Uczniowie ALO wysłali na front zaopatrzenie i listy do żołnierzy
LEGNICA. Akademickie Liceum Ogólnokształcące w Legnicy zorganizowało „Dzień solidarności z Ukrainą”. Wydarzeniu towarzyszyła zbiórka darów dla uchodźców wojennych oraz żołnierzy walczących na froncie. Zaopatrzenie wraz z listami od uczniów już wyjechało na front.
Samorząd Uczniowski ALO przygotował „Dzień solidarności z Ukrainą”. - W ten dzień mieliśmy zaplanowaną imprezę ostatkową, lecz z powodu wojny, która wybuchła u naszych wschodnich sąsiadów, straciliśmy ochotę na jakąkolwiek zabawę i postanowiliśmy okazać solidarność z Ukrainą – informuje Samorząd Uczniowski ALO.
Uczniowie przygotowali niebiesko-żółte kotyliony, stworzyli prezentację ukazującą to, co dzieje się za naszą granicą, a także zebrali dary dla uchodźców i żołnierzy: leki, opatrunki, środki higieny osobistej, koce, śpiwory, wodę i jedzenie – w tym kaszki do zalania wodą (bardzo potrzebne dla rannych żołnierzy).

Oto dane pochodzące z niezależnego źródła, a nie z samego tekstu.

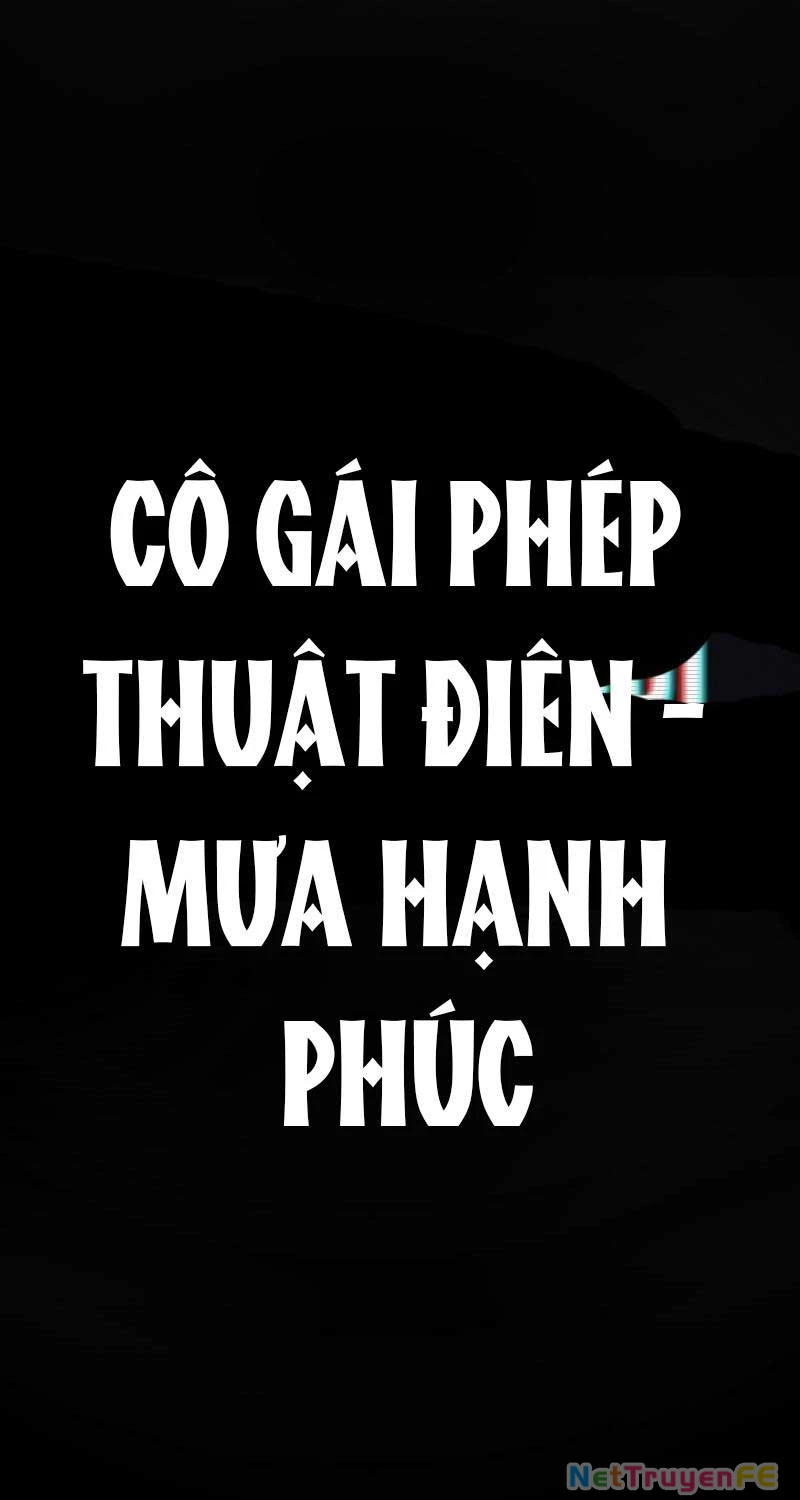 Ông Chú Ma Pháp Thiếu Nữ Chapter 10 - 69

Choć szkoła liczy niespełna stu uczniów, to udało się uzbierać dary o wartości ok 5 tys. zł.
- Będąc w kontakcie z ukraińskimi rodzinami wiemy, jak ważne jest wsparcie żołnierzy, nawet mentalne. Już w środę do obrońców Ukrainy trafią napisane przez uczniów z głębi serca listy – informuje wspólnota szkolna.

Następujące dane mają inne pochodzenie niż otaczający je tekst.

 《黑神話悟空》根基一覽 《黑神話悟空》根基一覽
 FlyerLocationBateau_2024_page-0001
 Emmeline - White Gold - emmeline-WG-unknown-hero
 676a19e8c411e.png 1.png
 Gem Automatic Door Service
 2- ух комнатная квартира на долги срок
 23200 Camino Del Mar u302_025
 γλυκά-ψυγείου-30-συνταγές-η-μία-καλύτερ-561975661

Dary i listy dla żołnierzy wyjechały na front, zaś rzeczy uchodźców zostały przekazane magazynu Straży Miejskiej w Legnicy. Szkoła uczciła także minutą ciszy ofiary wojenny po stronie ukraińskiej. Wybrzmiał hymn Polski i Ukrainy.
Jak deklarują władze szkoły oraz Samorząd Uczniowski już dziś planowane są kolejne działa na rzecz walczącej Ukrainy oraz uchodźców.

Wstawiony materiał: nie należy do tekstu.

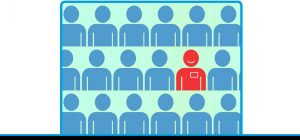 TRAINING ONLINE EFFECTIVE RECRUITMENT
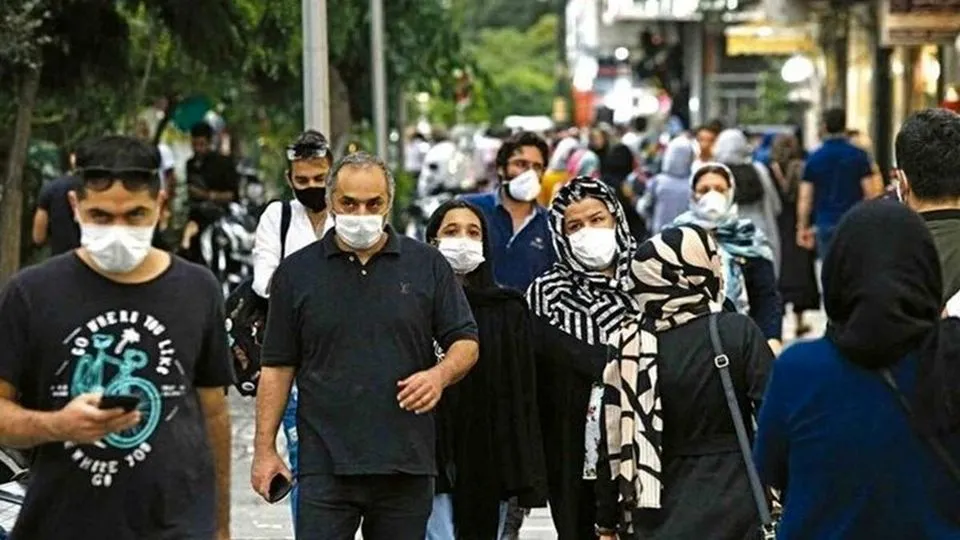 سویه جدید کرونا چه علایمی دارد؟ / این دارو کرونا را بدتر می کند
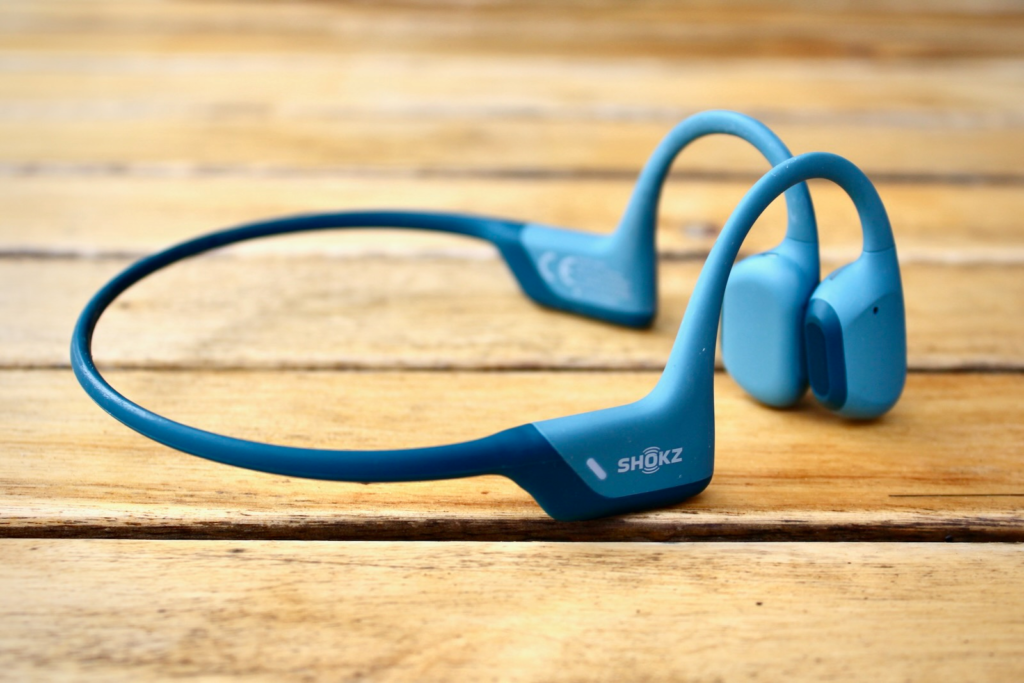 Shokz OpenRun Pro : Le test complet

Dariusz WĘDZINA dyrektor ALO w Legnicy nie kryl dumy z postawu młodzieży: - Wg. M. Dąbrowskiej "Wartość Polaka mierzy się stosunkiem do tego, co polskie nie jest" - jestem dumny z wartościowych młodych Polaków, uczniów ALO. Dziękuję wszystkim uczniom, szczególnie Samorządowi Szkolnemu wraz z opiekunem Dawidem Stefanikiem.